Mary Heftel Hooton Collection
Mary Reardon Heftel Hooton (July 5, 1919-January 1, 1993) worked as a lawyer and judge in Chicago for over forty years. As a lawyer she specialized in matrimonial law and was a committed advocate for children’s rights. As a state judge she served on the Juvenile Court, Housing Court, and as the supervising judge at the First Municipal Court. She was involved in the Women’s Bar Association of Illinois (WBAI) for decades and served as its president from 1976-1977. In honor of her service, the WBAI bestows the Judge Mary Heftel Hooton Award to a lawyer or judge who has advanced the cause of women lawyers.
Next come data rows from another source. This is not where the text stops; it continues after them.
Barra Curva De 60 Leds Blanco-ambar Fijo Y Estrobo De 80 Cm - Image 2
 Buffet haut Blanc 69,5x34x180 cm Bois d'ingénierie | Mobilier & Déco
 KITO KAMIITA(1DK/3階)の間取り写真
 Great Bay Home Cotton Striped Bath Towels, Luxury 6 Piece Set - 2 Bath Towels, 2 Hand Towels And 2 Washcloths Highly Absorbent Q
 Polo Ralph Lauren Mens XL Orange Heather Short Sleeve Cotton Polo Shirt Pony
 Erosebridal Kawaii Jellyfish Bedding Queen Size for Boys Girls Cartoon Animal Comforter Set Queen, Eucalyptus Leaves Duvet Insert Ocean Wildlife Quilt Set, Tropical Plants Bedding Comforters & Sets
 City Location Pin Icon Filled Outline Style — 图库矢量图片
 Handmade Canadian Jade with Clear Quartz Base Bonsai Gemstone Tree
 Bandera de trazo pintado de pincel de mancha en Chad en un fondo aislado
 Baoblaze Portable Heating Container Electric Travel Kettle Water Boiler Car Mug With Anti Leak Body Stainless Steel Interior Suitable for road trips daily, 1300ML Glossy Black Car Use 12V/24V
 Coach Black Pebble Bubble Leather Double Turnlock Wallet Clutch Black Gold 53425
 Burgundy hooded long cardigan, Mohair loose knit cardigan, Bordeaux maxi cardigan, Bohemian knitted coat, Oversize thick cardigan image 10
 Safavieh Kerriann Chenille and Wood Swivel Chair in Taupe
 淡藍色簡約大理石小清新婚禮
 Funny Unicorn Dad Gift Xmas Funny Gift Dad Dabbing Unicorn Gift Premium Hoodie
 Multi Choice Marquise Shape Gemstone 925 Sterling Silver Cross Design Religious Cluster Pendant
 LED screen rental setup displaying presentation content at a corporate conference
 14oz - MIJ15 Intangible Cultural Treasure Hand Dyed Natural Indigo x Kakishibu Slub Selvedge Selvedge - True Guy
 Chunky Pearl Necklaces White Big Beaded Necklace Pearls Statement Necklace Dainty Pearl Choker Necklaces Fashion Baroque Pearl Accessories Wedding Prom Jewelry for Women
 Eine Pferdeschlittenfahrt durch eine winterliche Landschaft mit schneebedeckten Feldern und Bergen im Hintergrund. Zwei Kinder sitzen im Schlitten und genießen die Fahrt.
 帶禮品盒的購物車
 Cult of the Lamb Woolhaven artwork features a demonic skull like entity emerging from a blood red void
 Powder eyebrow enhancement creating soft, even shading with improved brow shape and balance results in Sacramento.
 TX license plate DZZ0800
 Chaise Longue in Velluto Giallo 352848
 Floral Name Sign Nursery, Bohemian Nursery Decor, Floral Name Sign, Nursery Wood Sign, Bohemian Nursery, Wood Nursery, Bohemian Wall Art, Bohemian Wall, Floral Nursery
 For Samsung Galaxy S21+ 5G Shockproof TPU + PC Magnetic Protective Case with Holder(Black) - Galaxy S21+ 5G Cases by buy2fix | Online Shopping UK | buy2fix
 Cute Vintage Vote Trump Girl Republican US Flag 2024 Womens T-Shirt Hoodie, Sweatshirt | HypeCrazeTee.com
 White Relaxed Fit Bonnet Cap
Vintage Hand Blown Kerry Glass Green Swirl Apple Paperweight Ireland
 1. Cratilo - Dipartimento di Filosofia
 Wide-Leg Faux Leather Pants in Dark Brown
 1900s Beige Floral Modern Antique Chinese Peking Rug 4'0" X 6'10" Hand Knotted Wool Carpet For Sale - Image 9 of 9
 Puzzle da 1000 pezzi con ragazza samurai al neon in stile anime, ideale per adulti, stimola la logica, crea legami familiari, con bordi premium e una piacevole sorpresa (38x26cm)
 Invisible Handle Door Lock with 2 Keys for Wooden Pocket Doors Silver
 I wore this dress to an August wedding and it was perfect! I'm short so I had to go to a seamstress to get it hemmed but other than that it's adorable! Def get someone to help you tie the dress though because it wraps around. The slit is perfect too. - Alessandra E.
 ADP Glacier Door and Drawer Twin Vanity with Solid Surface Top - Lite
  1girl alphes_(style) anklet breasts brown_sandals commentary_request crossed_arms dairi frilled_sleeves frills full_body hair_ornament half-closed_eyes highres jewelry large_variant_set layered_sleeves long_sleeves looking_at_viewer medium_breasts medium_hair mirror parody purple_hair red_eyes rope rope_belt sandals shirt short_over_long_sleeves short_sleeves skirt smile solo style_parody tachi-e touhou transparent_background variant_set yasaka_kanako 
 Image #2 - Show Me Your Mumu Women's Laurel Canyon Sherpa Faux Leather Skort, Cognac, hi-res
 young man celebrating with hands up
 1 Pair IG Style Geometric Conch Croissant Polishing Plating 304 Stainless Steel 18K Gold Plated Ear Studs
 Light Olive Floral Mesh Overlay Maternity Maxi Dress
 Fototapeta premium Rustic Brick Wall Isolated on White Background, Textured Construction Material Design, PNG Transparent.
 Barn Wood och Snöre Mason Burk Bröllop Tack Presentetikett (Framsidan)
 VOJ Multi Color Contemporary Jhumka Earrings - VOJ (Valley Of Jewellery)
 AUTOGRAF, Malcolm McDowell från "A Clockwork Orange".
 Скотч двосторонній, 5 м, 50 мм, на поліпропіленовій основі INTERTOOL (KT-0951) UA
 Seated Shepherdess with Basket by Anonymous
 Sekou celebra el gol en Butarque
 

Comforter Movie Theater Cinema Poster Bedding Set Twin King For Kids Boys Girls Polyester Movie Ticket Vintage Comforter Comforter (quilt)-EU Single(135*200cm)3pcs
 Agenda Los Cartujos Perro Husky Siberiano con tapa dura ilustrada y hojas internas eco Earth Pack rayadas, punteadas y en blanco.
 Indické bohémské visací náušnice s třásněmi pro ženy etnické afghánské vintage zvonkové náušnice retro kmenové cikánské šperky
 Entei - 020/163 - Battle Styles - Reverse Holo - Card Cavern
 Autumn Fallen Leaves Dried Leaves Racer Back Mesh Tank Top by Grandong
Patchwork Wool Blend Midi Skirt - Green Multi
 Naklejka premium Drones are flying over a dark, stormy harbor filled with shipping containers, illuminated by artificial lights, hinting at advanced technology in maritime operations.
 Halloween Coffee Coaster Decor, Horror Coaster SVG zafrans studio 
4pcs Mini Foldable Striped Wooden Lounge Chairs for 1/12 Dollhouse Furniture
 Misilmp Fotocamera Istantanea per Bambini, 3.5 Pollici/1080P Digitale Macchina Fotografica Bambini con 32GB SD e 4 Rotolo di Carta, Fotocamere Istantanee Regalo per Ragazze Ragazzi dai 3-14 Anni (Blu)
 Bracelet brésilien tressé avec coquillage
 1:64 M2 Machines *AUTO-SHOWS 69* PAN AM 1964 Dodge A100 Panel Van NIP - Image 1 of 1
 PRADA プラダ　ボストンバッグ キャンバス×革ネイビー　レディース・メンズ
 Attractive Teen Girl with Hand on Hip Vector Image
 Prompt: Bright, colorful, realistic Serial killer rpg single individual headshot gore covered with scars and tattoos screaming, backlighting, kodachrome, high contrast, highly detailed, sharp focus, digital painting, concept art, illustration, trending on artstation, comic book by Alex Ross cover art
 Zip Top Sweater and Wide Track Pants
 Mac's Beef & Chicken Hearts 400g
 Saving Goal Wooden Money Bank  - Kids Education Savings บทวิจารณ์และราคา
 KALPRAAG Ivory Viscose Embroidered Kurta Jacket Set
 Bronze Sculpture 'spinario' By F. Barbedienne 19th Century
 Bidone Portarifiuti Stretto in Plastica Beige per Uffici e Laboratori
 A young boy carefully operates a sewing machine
Born and raised in New York City she was briefly married to Thomas Hooton. In 1936 she moved to Chicago, attended DePaul University law school graduating in 1943, and went into private practice. In 1948 she married realtor William Heftel and shared an office with him first at 30 N. La Salle and later at 188 W. Randolph Street. Decades later, Heftel managed his wife’s successful 1976 campaign to the Illinois judgeship. She ran as an independent and bucked the Chicago Democratic political machine. As a new judge on the state Juvenile Court, Hooton immediately became embroiled in a dispute with the Illinois Department of Children and Family Services (DCFS). Hooton ordered children be removed from dangerous foster homes, defying the DCFS directives. During the fall of 1976 this conflict played out in the pages of the Chicago Tribune generating editorials and letters for and against Hooton. Hooton and her second husband raised nine foster children. At her death she willed her estate to the WBAI.